А ещё как-то, лазая в поисках старого самоката, я в сарае сел на гвоздь, торчащий из доски, и примчался в дом с жутким воплем, распугав по дороге всех кошек и собак. Когда бабушка выскочила из дома, то увидела меня, орущего, и большую двухметровую доску, которая была прикреплена к моему заду большим ржавым гвоздём. Делаю маленькую паузу в рассказе, давая возможность всем эту картинку живописную себе в уме нарисовать. Для плохих рисовальщиков поясняю: я сел на доску, из которой торчал гвоздь, но я его не сразу заметил, хотя почти сразу почувствовал. Вынуть себя из доски я не смог, и потому бежал домой метров пятьсот, волоча доску за собой, чего от боли, видимо, как-то не ощутил.

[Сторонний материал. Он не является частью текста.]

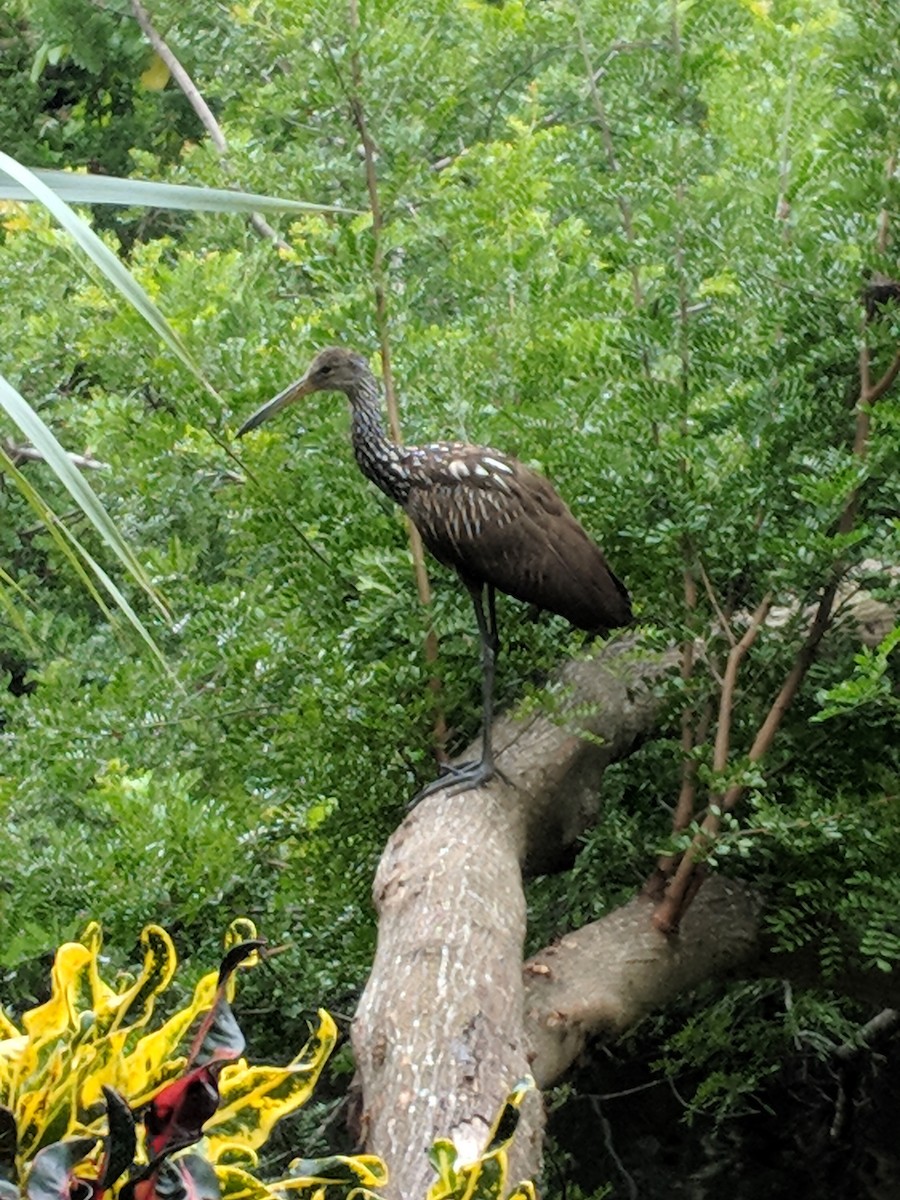 Limpkin - ML81218181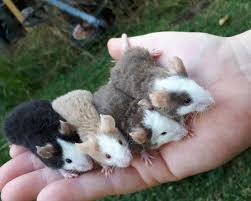 Pin By Eline Schollaart On Animals In 2020 Pet Mice Pet Rodents Pet Rats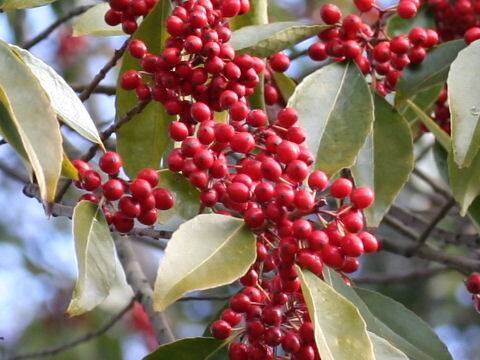 Ilex chinensis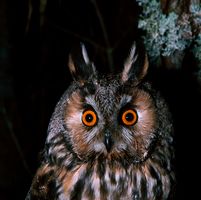 Image faisant partie d'une gallerie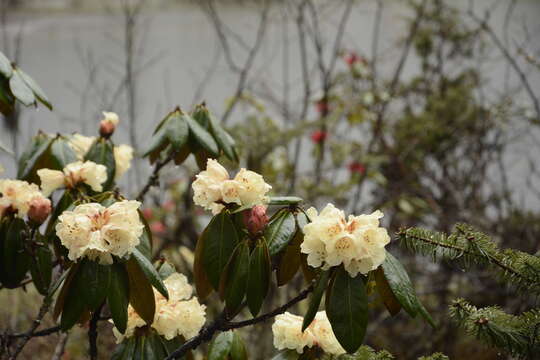 Imagem de Rhododendron wightii Hook. fil.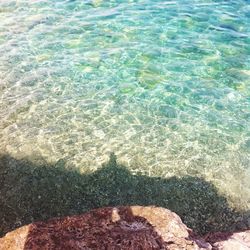 View of water in water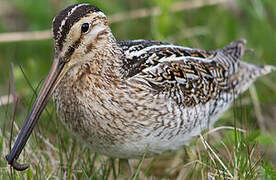 Common Snipe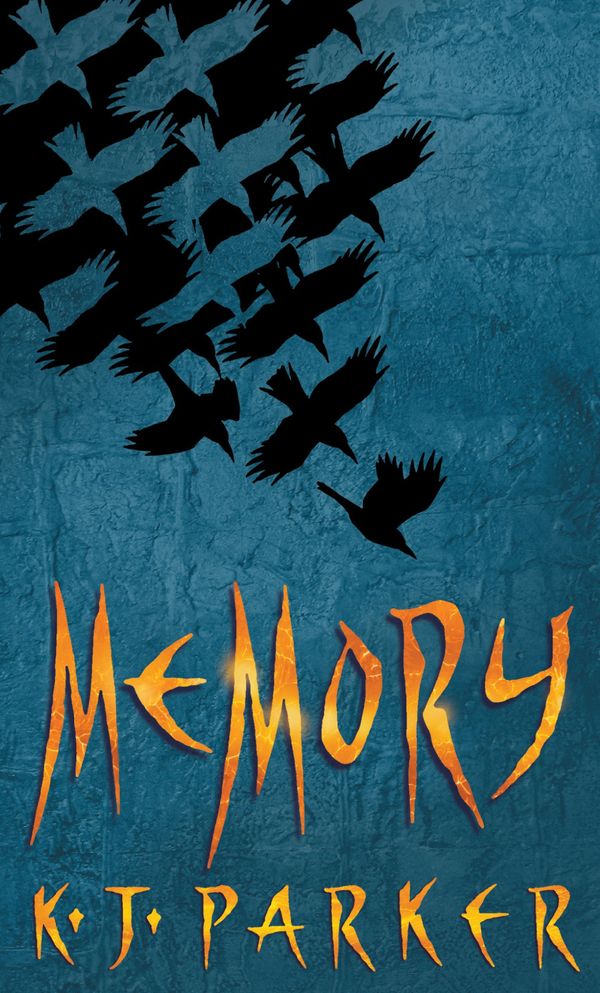 Memory cover
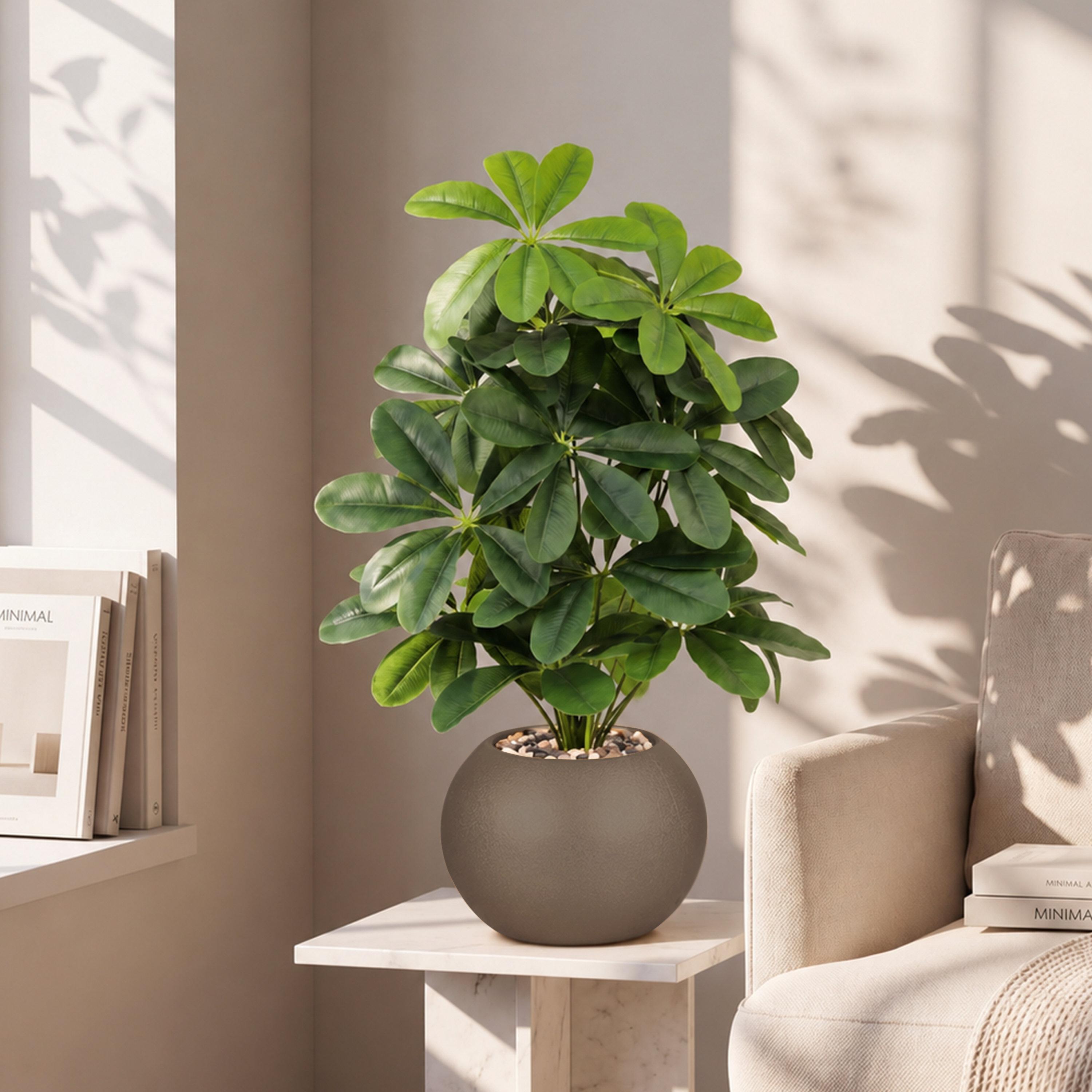 Maria Homes Potted Artificial Schefflera Plant-household-gardenandoutdoor-artificialflowersandplants-flowers-image-1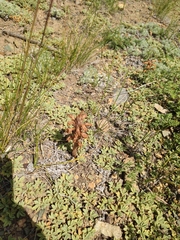 Phelipanche caesia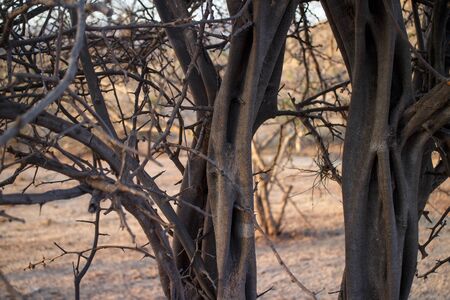 dry thorn plantsの写真素材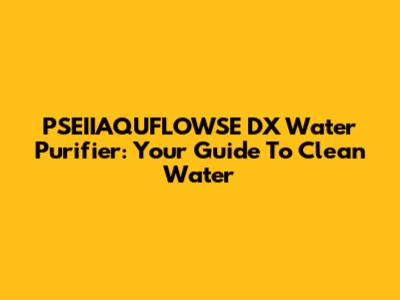 PSEIIAQUFLOWSE DX Water Purifier: Your Guide To Clean Water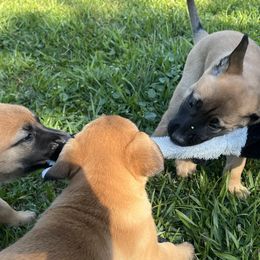 Belgian Malinois from Malinois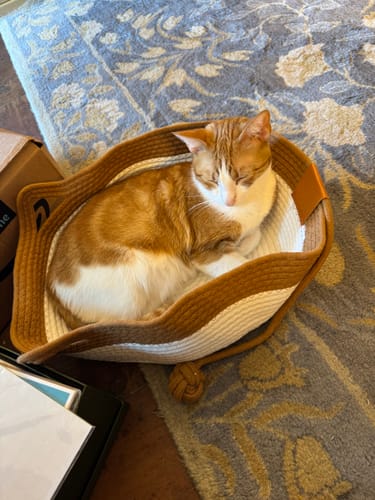 Customer photo review of Instinct Basket | Meet the first research-backed natural territory for indoor cats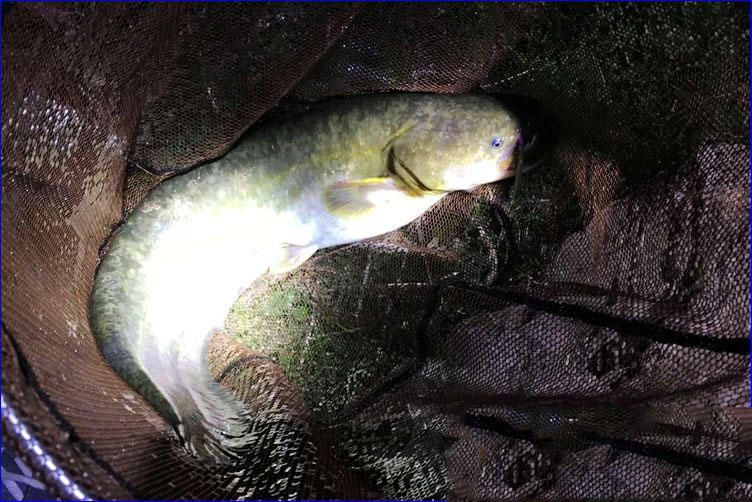在水流浑浊而强劲的长江里钓鲶鱼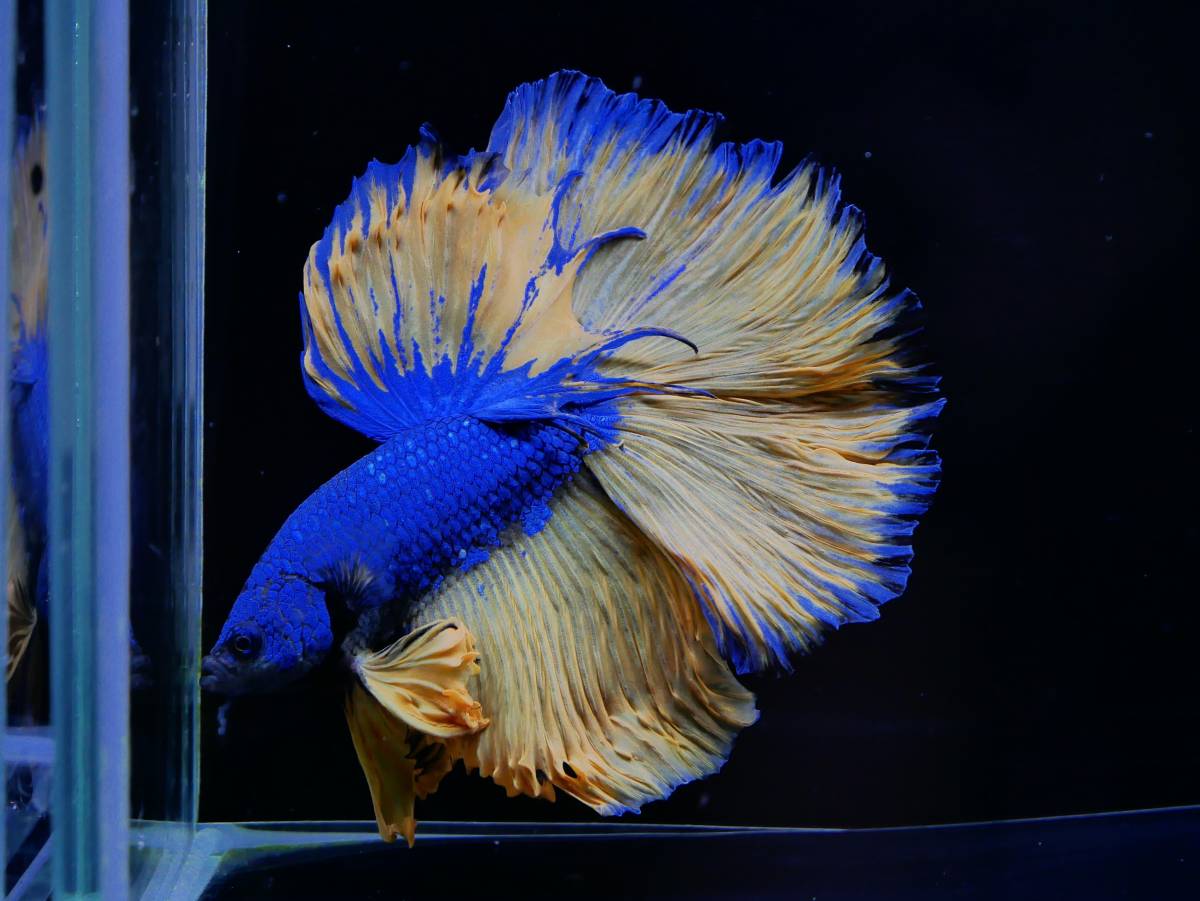 【PoPo Betta】　ベタ 　B5　HM　マスタード　♂　タイ直輸入　★説明文ご確認ください★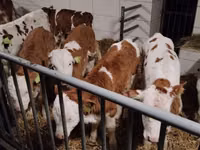 ІҚМ (топ, жынысы көрсетілмеген), Simmental cattle — 1-сурет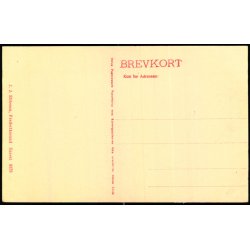 Jgerspris - Hngebgen ved Fasangaarden - J.J. Ebbesen 6379 - Ubrugt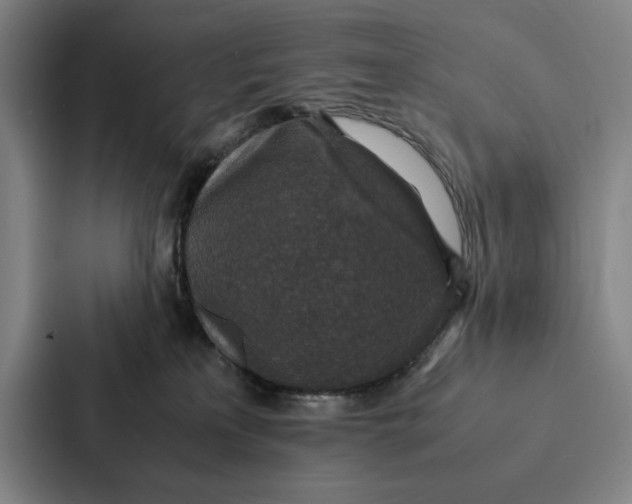 X0000086890233200705141629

Процедура снимания меня с гвоздя заняла длительное время, большую часть которого меня убеждали в том, что это будет не больно и быстро (дважды соврали). Вообще-то я думаю, что был в шоке, так как мог говорить и бегать с огромным гвоздём в заду, что для людей нетипично. Но меня в конце концов изловили, зажали и вынули из доски, или гвоздь с доской из меня – не помню точно, но, в общем, нас троих разлучили. Вопить я начал задолго до начала процедуры и не переставал ещё какое-то время после её завершения, да и перестал-то лишь потому, что охрип, но всё равно мычал и всхлипывал, так как сильно болело. В какой-то момент мне показалось, что боль прекратилась или, по крайней мере, утихла. И тут, для усиления впечатления, улучив момент, когда я расслабился, мне вкатили укол от столбняка. Голос мгновенно прорезался, и я ещё минут десять-пятнадцать разрывал тишину, разгонял тучи и любопытных соседей, после чего заснул мертвецки, наверное, от обиды и унижения. С тех пор я очень не люблю пыльные подвалы, самокаты, доски, гвозди и уколы от столбняка.

Всю жизнь мы за собой таскаем мешок с «памятными призами», приобретёнными в детстве. Там и обиды, и побои, и слёзы, и унижения, и любови, и ненависти, и развенчанные иллюзии, и ещё много-много другого. Хорошо это или плохо – не скажу, но уверен, что в тот день, когда человек может освободиться от этого постылого груза, он обретает свободу. И ещё думаю, что до этого светлого момента доживают немногие.

А ещё меня папа учил кататься на велосипеде. Я ехал, а он бежал сзади и поддерживал велосипед за сиденье. Всё было ужасно весело до тех пор, пока я однажды не обернулся. Каково же было моё изумление, когда я увидел папу, стоящего далеко позади.

«Значит, я всё это время ехал сам!» – гордо пронзила меня мысль, и сразу же вслед за ней меня пронзила боль, так как я потерял уверенность в себе, затем – равновесие, вслед за ним – управление, и, слетев с велосипеда, пребольно стукнулся коленом об камень. Камень был очень большой, с острыми краями. На всей дороге он был один. Лежал такой грустный, одинокий, и ждал меня. Ждал, видимо, много лет, пока я не подрос, приехал и начал учиться кататься. Ну, и дождался (помните: если долго мучиться – кто-нибудь получится). Я напрочь снёс себе коленную чашечку. Она как бы отвалилась от колена, но при этом как-то непонятно висела на кусочке кожи.